## [INSTRUCTIONS FOR THE TASK]
Return, exactly and in full, the lines of the records below starting at the one with "Women'S Elegant Style" and ending at the one with "Welcome Halloween - Typography", and no other lines.

=======

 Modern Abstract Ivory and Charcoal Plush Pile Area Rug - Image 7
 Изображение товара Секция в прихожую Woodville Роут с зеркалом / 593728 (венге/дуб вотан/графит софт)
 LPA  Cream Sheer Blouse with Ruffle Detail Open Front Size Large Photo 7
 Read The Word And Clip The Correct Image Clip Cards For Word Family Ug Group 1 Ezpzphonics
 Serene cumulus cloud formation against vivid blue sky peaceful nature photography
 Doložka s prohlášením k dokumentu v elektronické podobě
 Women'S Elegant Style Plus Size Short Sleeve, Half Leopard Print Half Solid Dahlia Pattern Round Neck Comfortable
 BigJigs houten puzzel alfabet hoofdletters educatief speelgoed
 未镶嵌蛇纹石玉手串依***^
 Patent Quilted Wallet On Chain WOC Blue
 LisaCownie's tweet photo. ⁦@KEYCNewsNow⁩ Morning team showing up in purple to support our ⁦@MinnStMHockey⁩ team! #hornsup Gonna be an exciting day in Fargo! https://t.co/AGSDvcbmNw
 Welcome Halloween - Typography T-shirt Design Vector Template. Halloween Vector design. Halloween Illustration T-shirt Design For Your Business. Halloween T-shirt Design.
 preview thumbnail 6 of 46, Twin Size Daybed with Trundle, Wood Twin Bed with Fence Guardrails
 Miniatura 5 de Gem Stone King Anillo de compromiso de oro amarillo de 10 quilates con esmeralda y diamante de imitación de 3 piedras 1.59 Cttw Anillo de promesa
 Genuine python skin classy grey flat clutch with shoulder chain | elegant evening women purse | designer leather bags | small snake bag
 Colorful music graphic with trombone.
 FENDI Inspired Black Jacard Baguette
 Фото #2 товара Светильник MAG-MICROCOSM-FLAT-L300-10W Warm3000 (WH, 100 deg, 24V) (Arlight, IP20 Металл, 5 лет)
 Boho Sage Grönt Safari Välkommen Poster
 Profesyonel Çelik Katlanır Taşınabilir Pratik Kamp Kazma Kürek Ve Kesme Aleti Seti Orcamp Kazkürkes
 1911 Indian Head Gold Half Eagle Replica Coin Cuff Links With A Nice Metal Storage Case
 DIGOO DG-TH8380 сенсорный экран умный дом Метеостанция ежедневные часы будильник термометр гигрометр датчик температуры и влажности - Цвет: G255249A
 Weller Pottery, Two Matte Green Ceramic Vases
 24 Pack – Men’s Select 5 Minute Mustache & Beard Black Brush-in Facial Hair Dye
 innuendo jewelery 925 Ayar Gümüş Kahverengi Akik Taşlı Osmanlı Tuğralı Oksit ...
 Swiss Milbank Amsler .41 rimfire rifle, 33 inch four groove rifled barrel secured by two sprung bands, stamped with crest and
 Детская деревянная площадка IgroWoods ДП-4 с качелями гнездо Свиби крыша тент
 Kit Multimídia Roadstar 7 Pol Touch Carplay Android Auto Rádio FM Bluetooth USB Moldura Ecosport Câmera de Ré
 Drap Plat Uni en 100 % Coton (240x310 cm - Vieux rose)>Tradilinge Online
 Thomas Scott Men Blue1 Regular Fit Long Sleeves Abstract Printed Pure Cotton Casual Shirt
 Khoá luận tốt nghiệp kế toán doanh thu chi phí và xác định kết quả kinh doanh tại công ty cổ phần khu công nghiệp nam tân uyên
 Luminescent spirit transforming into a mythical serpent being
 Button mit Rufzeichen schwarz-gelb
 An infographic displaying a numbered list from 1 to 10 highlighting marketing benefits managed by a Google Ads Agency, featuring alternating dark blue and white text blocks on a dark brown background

=======

## [OUTPUT FOR THIS TASK]
 Women'S Elegant Style Plus Size Short Sleeve, Half Leopard Print Half Solid Dahlia Pattern Round Neck Comfortable
 BigJigs houten puzzel alfabet hoofdletters educatief speelgoed
 未镶嵌蛇纹石玉手串依***^
 Patent Quilted Wallet On Chain WOC Blue
 LisaCownie's tweet photo. ⁦@KEYCNewsNow⁩ Morning team showing up in purple to support our ⁦@MinnStMHockey⁩ team! #hornsup Gonna be an exciting day in Fargo! https://t.co/AGSDvcbmNw
 Welcome Halloween - Typography T-shirt Design Vector Template. Halloween Vector design. Halloween Illustration T-shirt Design For Your Business. Halloween T-shirt Design.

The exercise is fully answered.